In conclusione, credo che quanto avvenuto quest’anno sui banchi dei licei italiani sia più che scandaloso. Per riprendere Latour:

 

Poiché da molto tempo la morale è oggetto di dispute feroci nelle nostre società, ogni tentativo di stabilire un giudizio etico a partire dall’invocazione della natura apparirà come il travestimento, a malapena velato, di un’ideologia.

 

La politica che promette un “ritorno ai valori tradizionali e alla natura” ambisce a ripristinare quei rapporti di forza da cui sembrava ci stessimo allontanando.

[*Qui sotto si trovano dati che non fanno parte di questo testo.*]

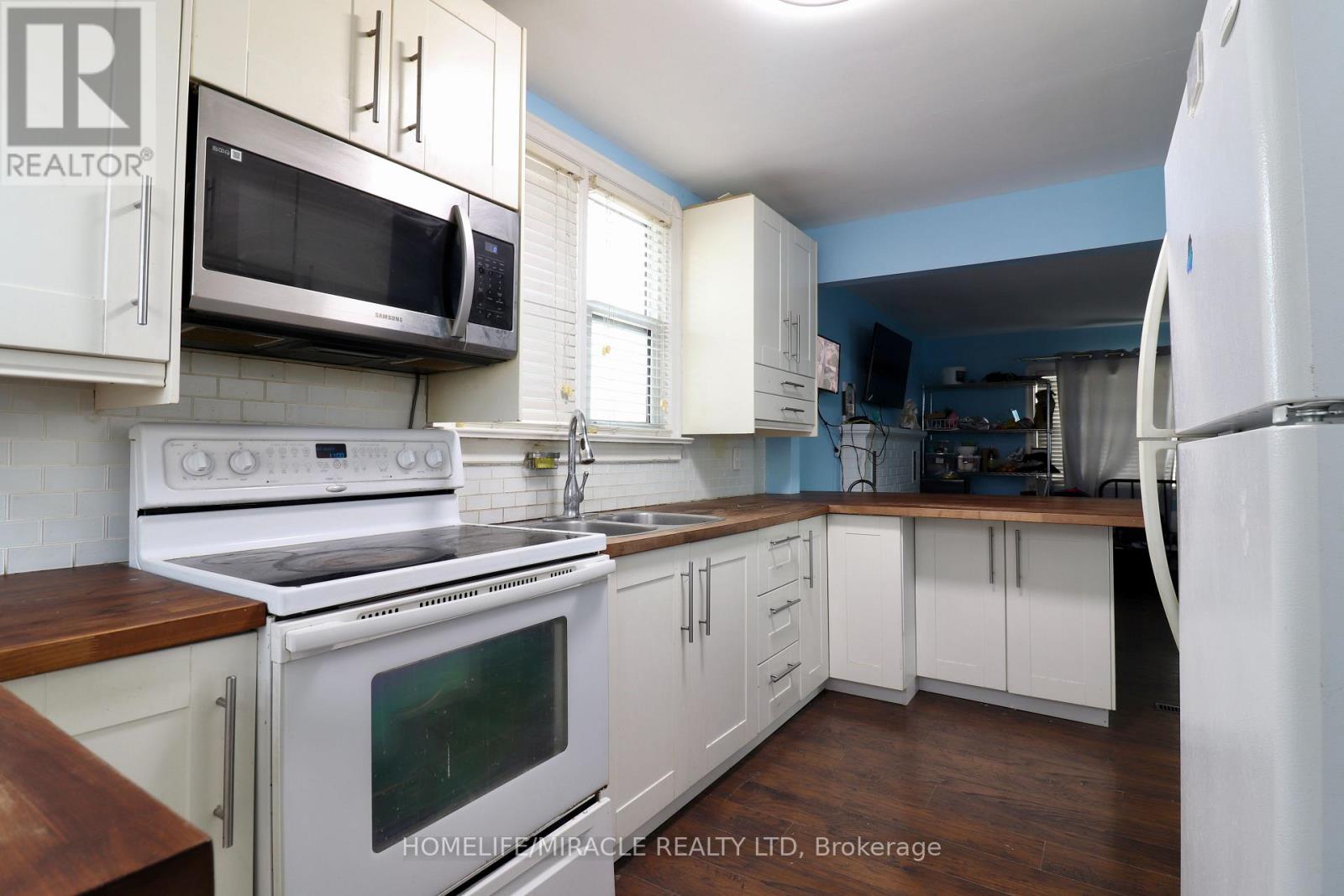 80 ROSEVIEW AVENUE - 10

Il mondo auspicato da chi si appella alla natura per parlare di morale, infatti, non è verde: è in bianco e nero. C’è una “naturale” divisione tra razze, alcune delle quali “naturalmente” prosperano a scapito di altre; mentre nella sfera intima e familiare l’uomo sottomette “naturalmente” la donna, di cui si serve come si serve, sempre “naturalmente”,  del territorio che abita. Il Il mondo, però, è più complesso di così. E lo è anche la morale. Pasolini lo sapeva bene, tanto da riservare un ruolo centrale, in tutta la sua produzione artistica, ai rapporti di forza: non tanto tra uomo e natura (qualsiasi cosa s’intenda con il termine), quanto fra uomo e uomo. Nel ‘75, quando scriveva delle lucciole sul corriere della sera, aveva ben chiaro che se l’umanità dovesse estinguersi la causa andrebbe individuata nell’umanità stessa, e non nella “ribellione” di potenze naturali antropomorfe. Il mondo che abitiamo non è vendicativo né violento, anche se spesso ci appare così, perché non è facile da capire. Un punto di partenza, però, può essere individuato in un cambio di prospettiva: bisogna ripensare il concetto di natura, perché quello che viene insegnato a scuola è datato. La natura non è un insieme di esseri viventi e oggetti inanimati estranei da noi, non è un grande "altro" da cui ripararsi o contro cui combattere, bensì una rete di relazione fittissima di cui facciamo parte.